We’re still trying to figure out the best applications for neural networks, machine learning, and all the recent advancements in artificial intelligence. Amongst all the practical research being conducted, there’s also lots of frivolous experimentation being done with results that walk the line between fascinating and terrifying.
Automated image processing has emerged as a strong suit of artificial neural networks, fuelled in part by decades of everyone sharing photos and selfies of each other on the internet. It’s resulted in vast archives of headshots being harvested and used to train AIs to do everything from artificially aging users in novelty mobile apps to generating huge collections of photorealistic headshots of people that don’t actually exist.

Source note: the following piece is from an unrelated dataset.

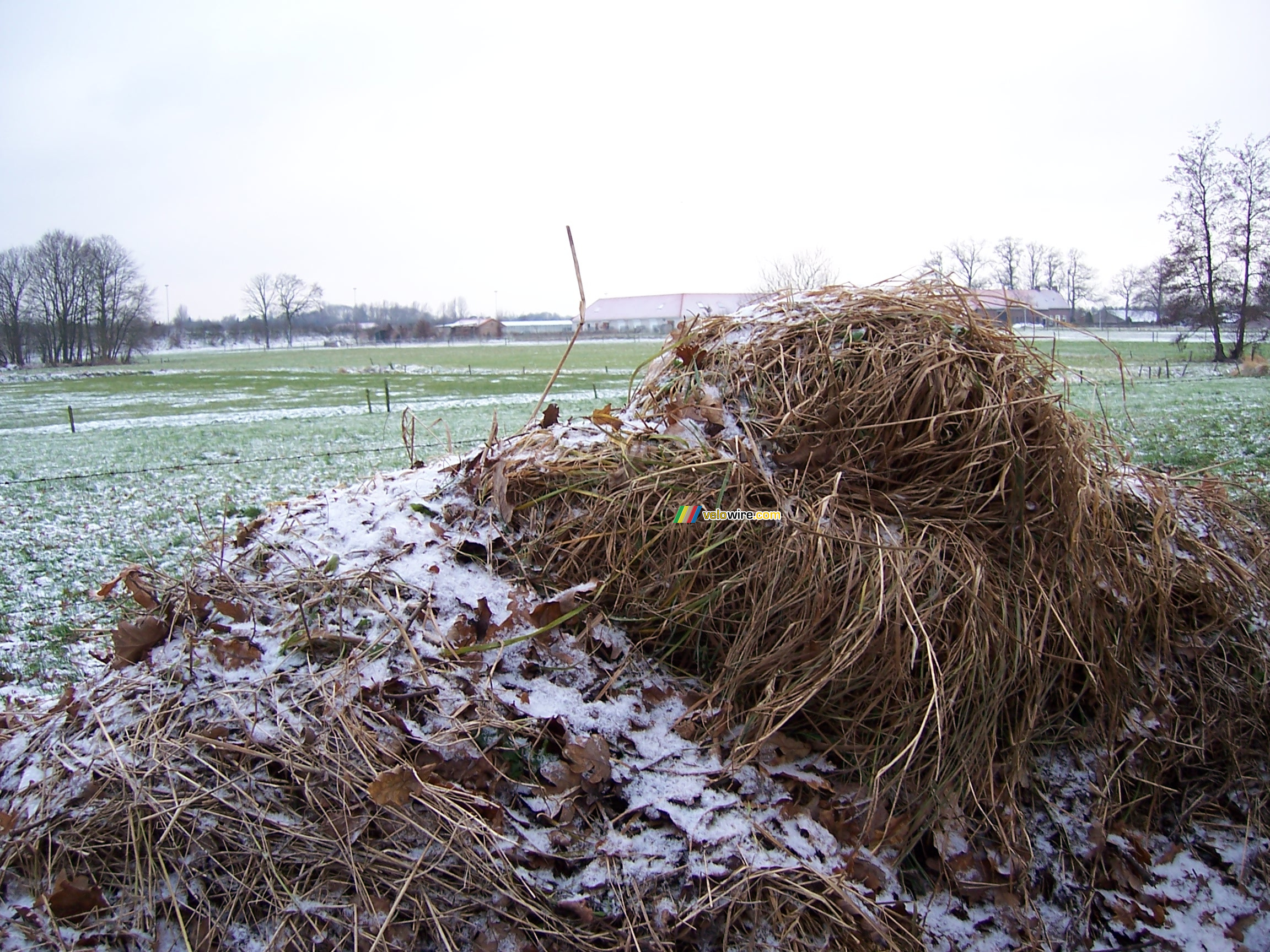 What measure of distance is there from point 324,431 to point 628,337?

The stock photography industry will never be the same, but Mario Klingemann wondered what would happen if those same artificial neural networks churning out fake headshots were synced to music, generating the most expressive faces when a song’s beat is really banging.

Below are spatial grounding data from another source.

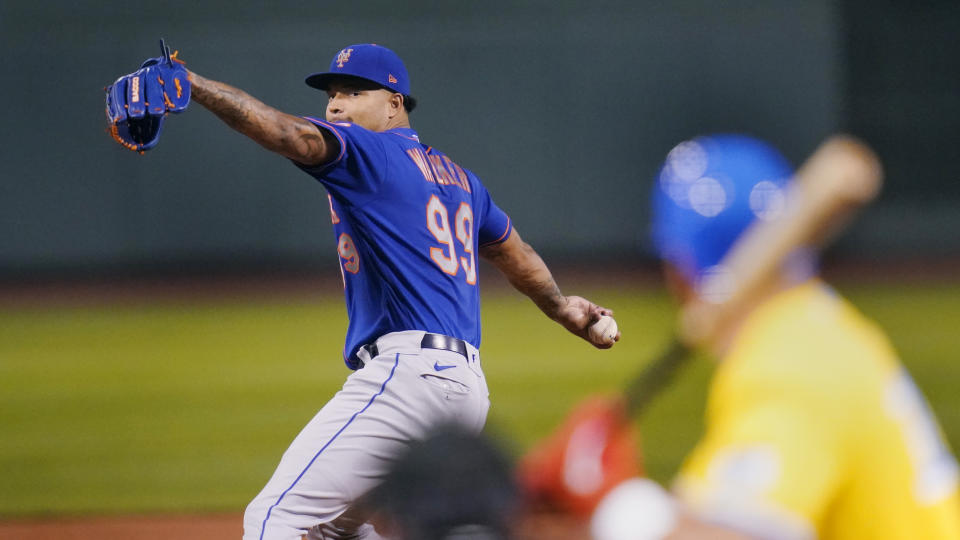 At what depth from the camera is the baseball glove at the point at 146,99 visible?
10.7ft

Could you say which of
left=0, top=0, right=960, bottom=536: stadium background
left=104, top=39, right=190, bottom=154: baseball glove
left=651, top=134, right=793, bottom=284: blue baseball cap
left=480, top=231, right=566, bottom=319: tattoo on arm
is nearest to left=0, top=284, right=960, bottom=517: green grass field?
left=0, top=0, right=960, bottom=536: stadium background

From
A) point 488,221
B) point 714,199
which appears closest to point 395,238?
point 488,221

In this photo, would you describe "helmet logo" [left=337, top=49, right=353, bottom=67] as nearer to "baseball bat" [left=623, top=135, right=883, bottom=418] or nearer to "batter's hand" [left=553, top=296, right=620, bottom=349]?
"batter's hand" [left=553, top=296, right=620, bottom=349]

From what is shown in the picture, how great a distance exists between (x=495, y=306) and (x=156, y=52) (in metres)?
6.17

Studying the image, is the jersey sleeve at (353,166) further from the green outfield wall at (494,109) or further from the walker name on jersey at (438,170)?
the green outfield wall at (494,109)

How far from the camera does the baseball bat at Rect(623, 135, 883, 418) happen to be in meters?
1.65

Klingemann used the StyleGAN2 generative adversarial network which was created by Nvidia and eventually released as an open source tool over a year ago. He didn’t do any custom image training of his own but instead modified the GAN to adjust its output results based on the sound spectrum of a given audio file, which in this case is the song Triggernometry by Kraftamt.
Some of Klingemann’s followers on Twitter have suggested he dial back some of the more extreme output results from the GAN, whose horrors are really only revealed when you carefully step through the above video frame by frame.
They make some good points, but if you look too closely at anything you’re bound to find something you won’t like—or in this case, something else to prevent you from sleeping soundly at night.